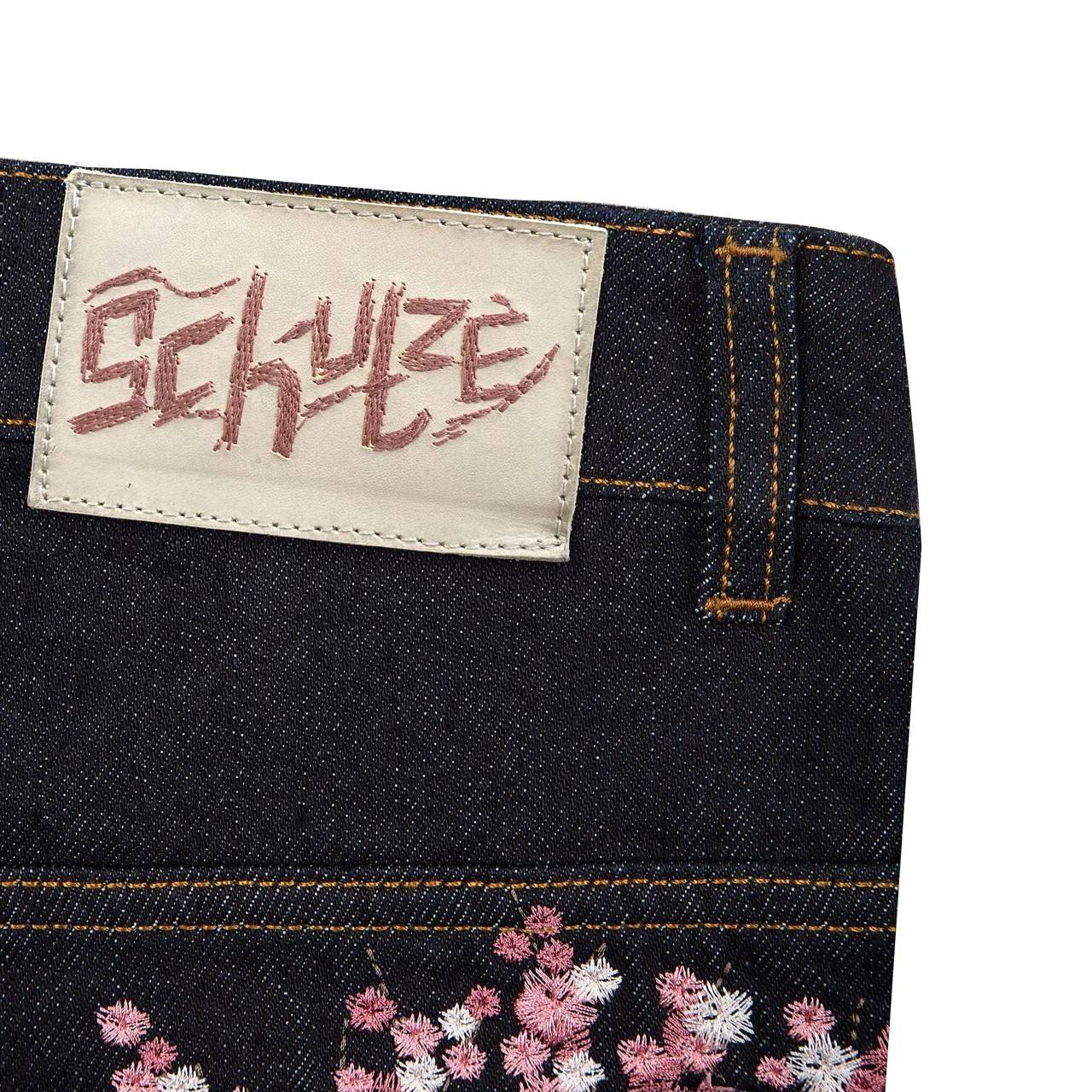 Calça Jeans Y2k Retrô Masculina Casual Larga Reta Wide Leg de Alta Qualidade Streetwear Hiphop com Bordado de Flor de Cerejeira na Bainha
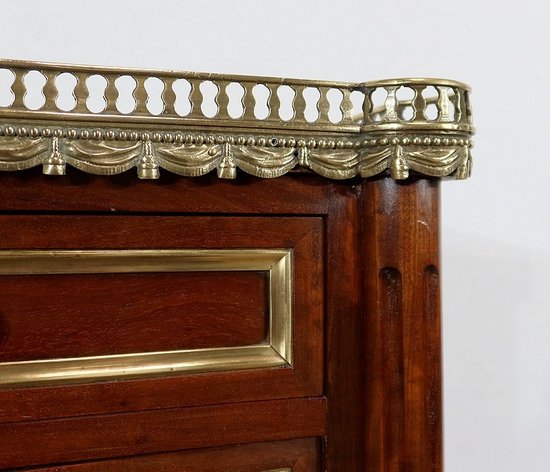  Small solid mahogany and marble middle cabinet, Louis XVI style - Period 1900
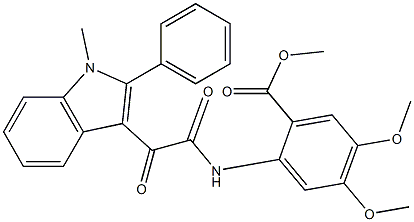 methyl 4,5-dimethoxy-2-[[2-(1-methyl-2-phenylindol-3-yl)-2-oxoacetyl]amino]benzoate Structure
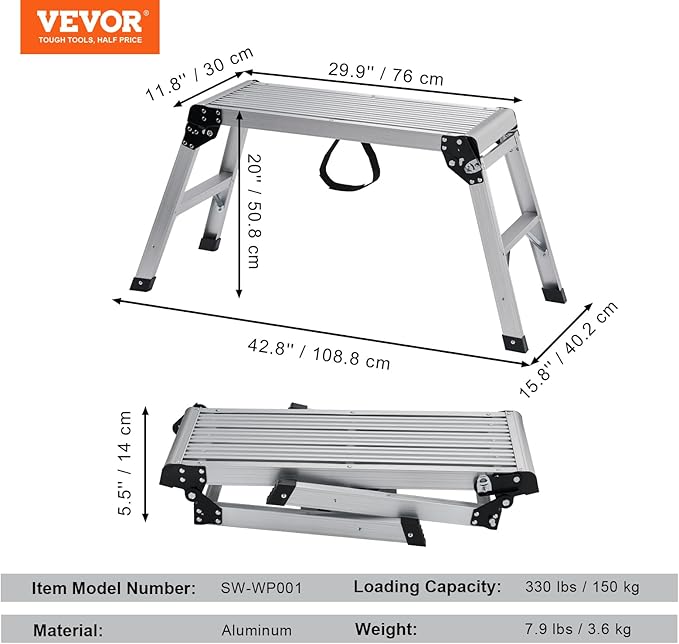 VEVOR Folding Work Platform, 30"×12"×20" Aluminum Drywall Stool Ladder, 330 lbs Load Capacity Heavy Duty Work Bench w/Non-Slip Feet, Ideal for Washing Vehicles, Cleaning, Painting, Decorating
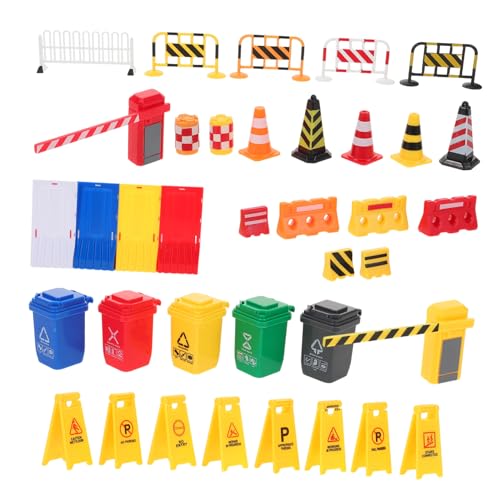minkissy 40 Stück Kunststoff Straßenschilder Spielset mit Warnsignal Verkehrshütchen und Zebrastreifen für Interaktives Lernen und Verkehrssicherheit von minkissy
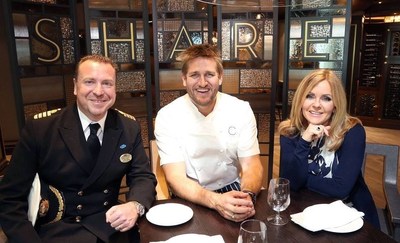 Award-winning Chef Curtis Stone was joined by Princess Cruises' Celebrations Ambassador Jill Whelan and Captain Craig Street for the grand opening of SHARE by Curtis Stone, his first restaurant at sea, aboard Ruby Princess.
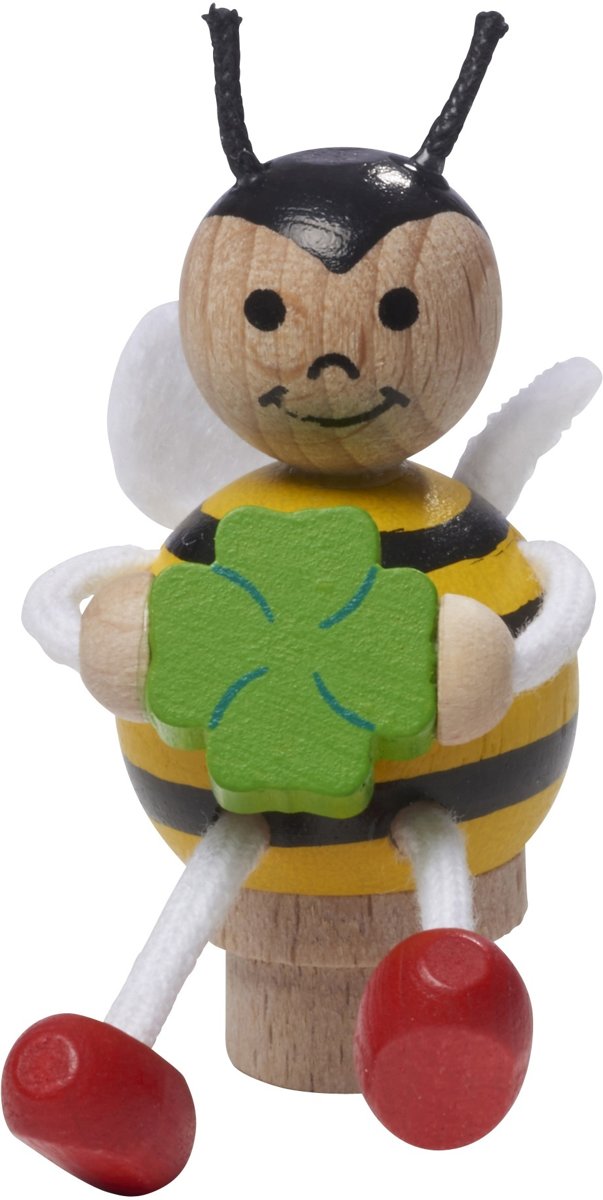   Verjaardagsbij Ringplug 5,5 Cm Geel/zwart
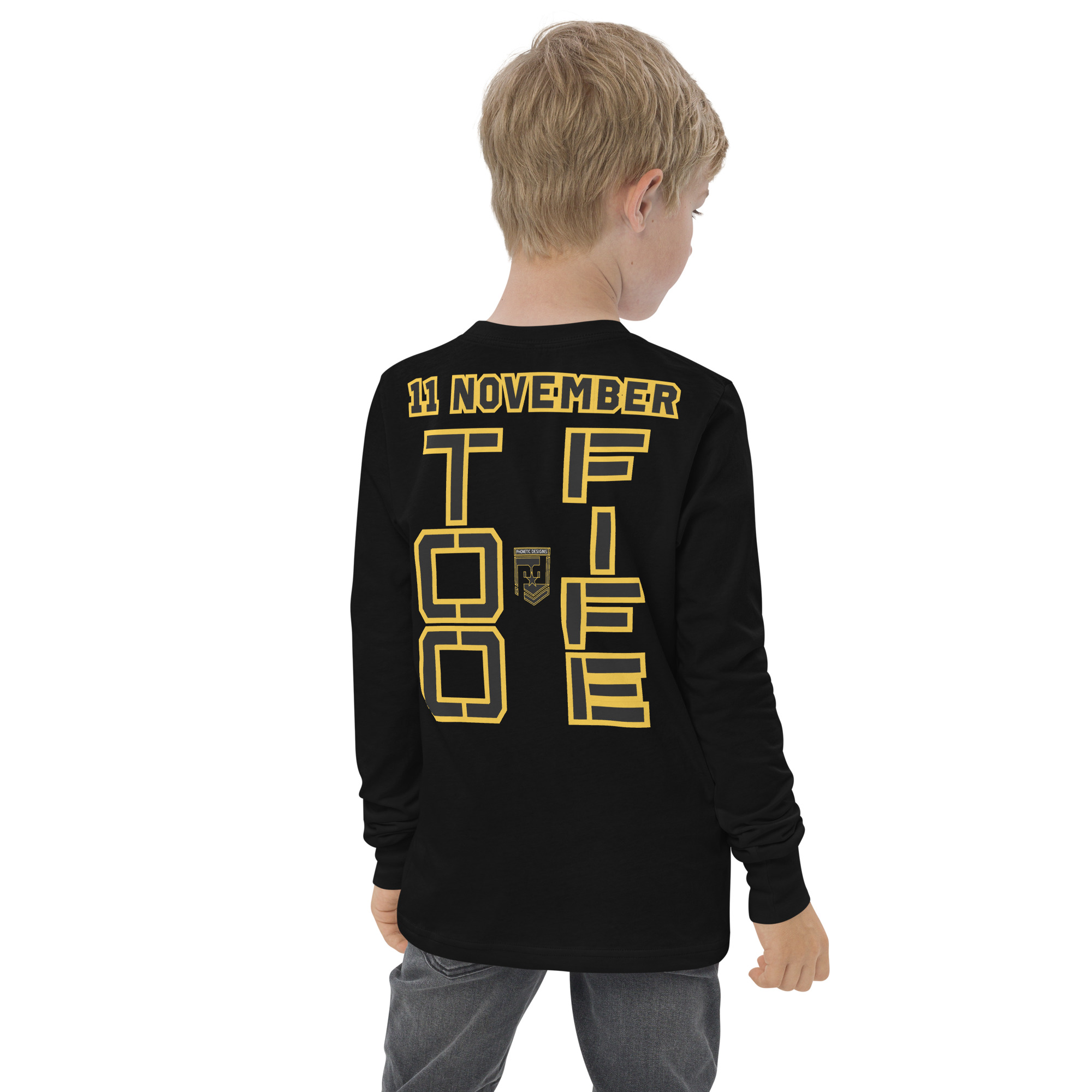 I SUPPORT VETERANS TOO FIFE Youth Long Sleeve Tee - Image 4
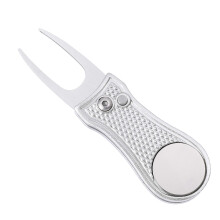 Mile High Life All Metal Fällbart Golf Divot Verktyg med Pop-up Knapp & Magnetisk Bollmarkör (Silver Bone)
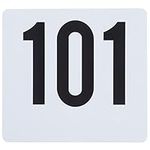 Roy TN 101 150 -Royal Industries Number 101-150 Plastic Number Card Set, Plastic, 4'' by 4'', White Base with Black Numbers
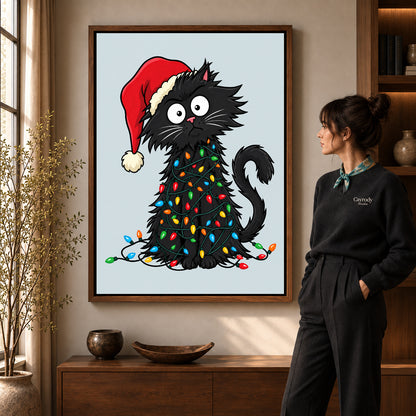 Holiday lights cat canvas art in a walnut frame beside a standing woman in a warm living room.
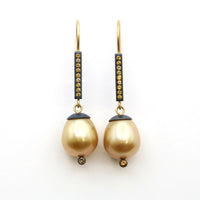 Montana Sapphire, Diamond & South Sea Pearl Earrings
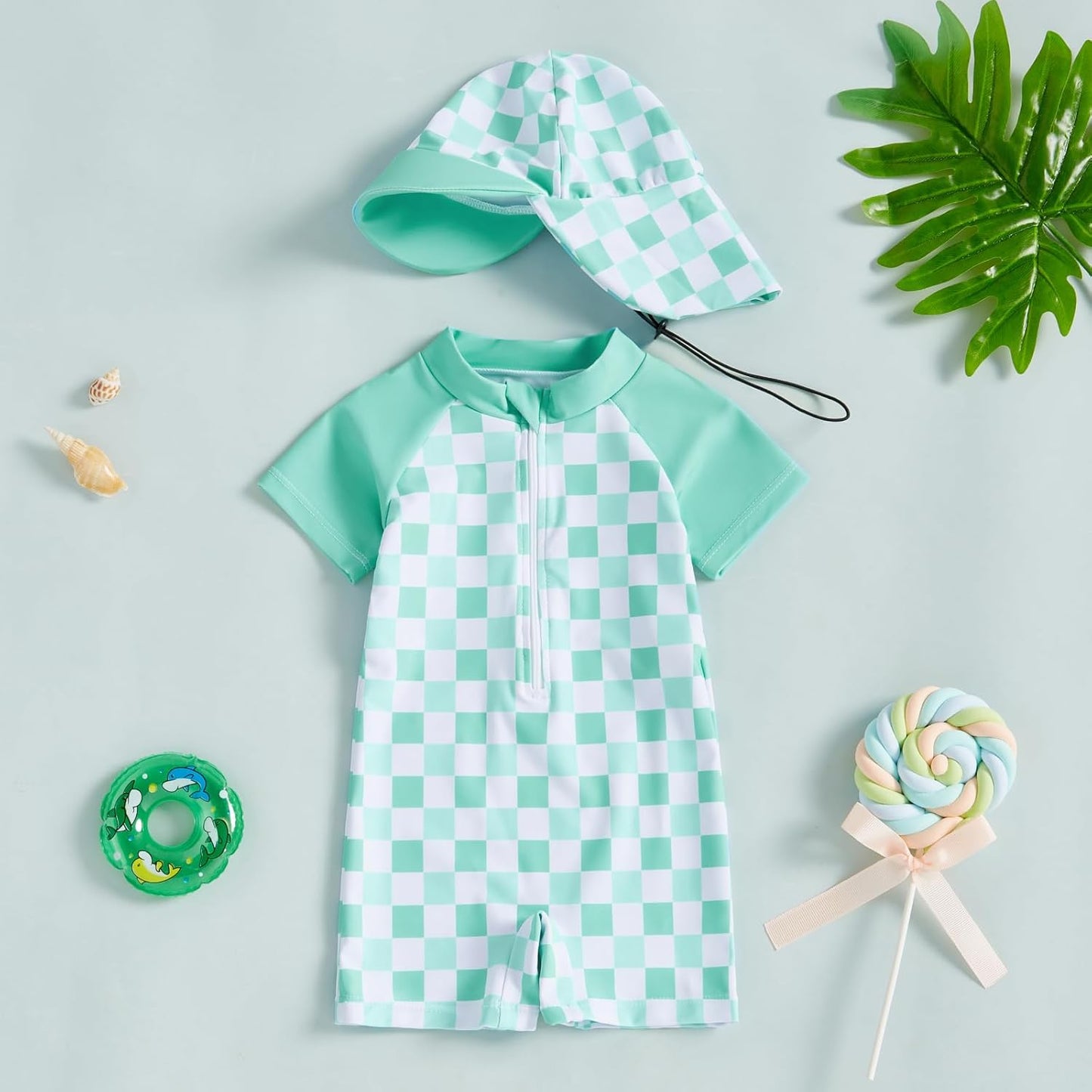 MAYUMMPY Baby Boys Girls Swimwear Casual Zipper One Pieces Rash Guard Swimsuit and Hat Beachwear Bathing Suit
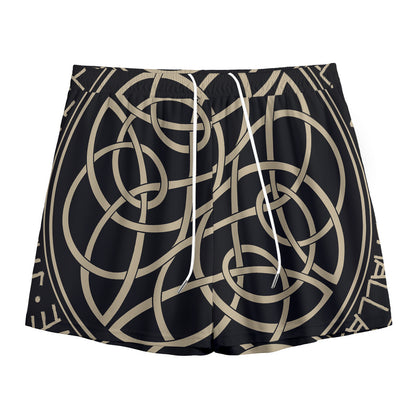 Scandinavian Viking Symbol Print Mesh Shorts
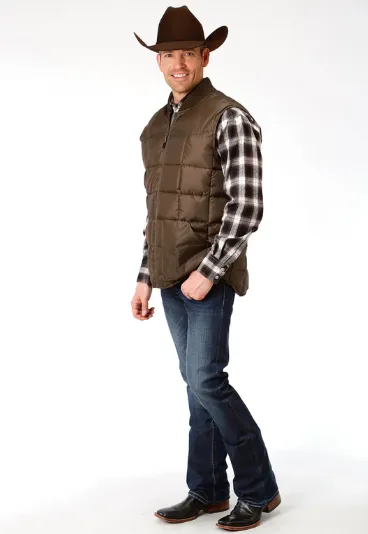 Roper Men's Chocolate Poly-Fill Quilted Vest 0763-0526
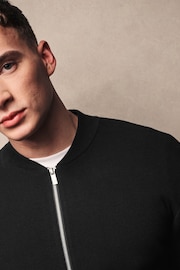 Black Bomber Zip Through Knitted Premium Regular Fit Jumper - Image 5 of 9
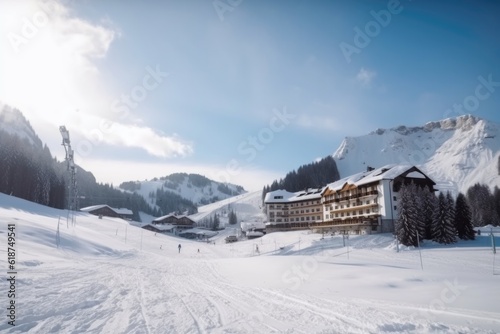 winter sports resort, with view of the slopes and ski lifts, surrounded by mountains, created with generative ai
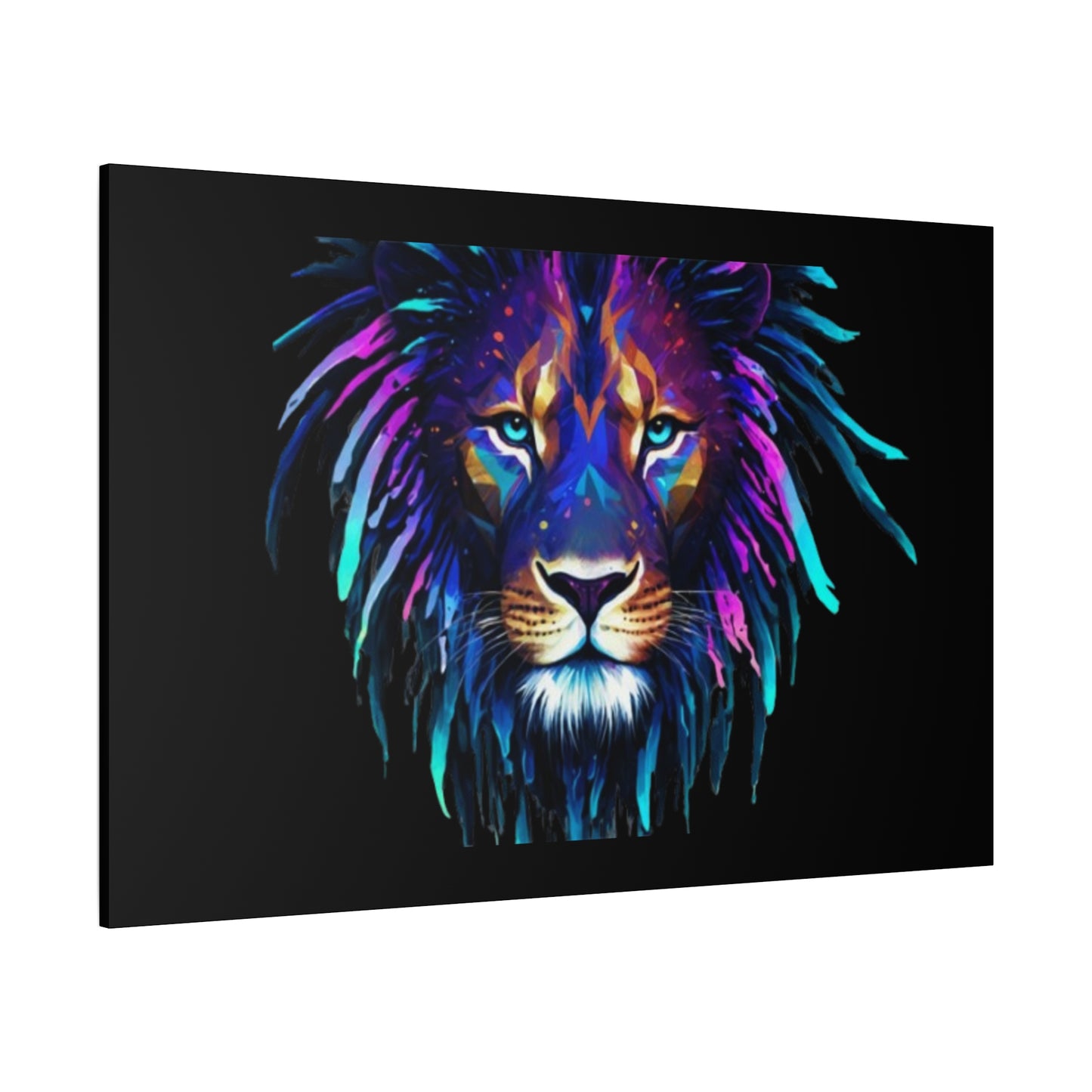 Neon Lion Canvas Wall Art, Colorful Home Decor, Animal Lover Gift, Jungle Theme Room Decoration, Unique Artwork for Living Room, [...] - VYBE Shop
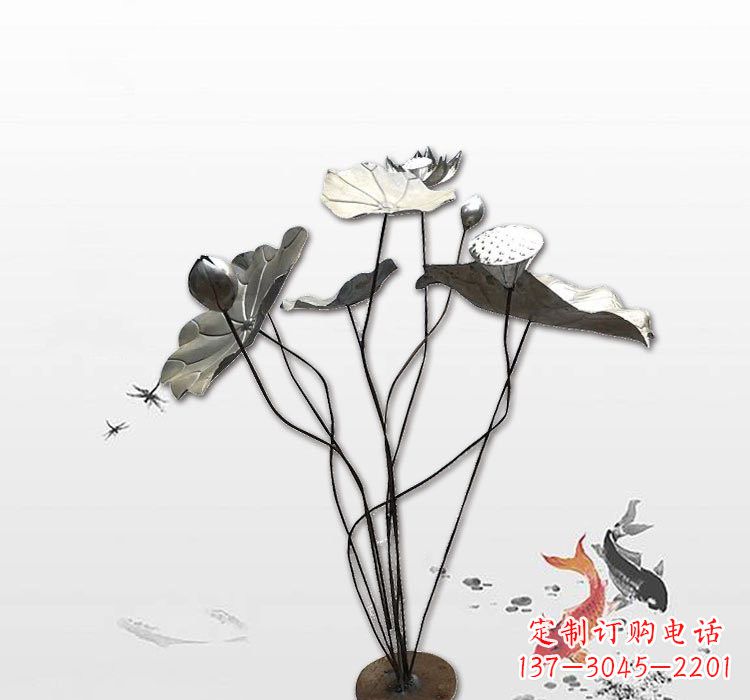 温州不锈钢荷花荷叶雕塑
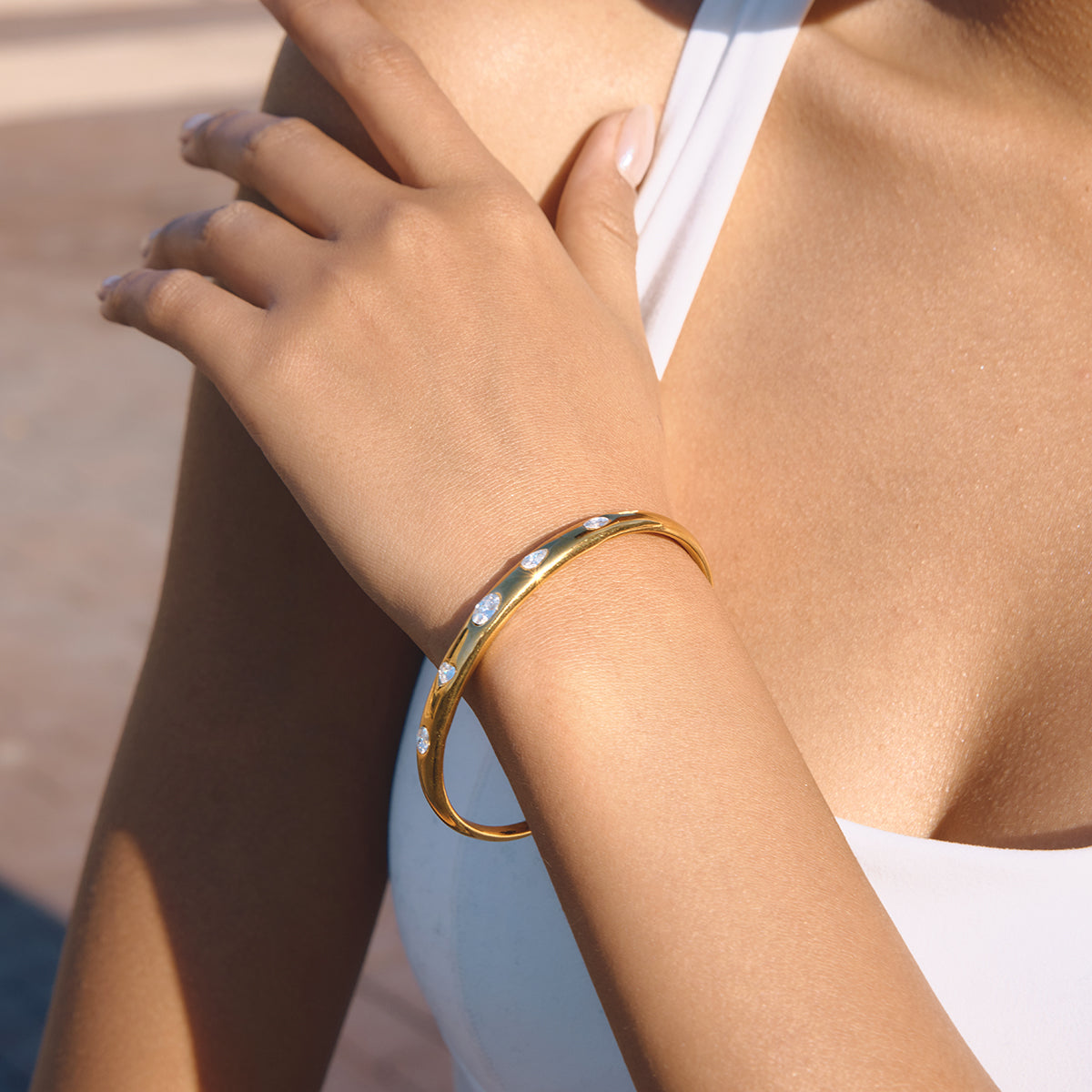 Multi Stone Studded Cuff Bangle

■ PROBLEM DESCRIPTION
With the pictures removed from your copy, retype the lines above from the one that contains "Holiday lights cat" through the one that contains "winter sports resort, with", exactly.

■ ANSWER BOX
 Holiday lights cat canvas art in a walnut frame beside a standing woman in a warm living room.
 Montana Sapphire, Diamond & South Sea Pearl Earrings
 MAYUMMPY Baby Boys Girls Swimwear Casual Zipper One Pieces Rash Guard Swimsuit and Hat Beachwear Bathing Suit
 Scandinavian Viking Symbol Print Mesh Shorts
 Roper Men's Chocolate Poly-Fill Quilted Vest 0763-0526
 Black Bomber Zip Through Knitted Premium Regular Fit Jumper - Image 5 of 9
 winter sports resort, with view of the slopes and ski lifts, surrounded by mountains, created with generative ai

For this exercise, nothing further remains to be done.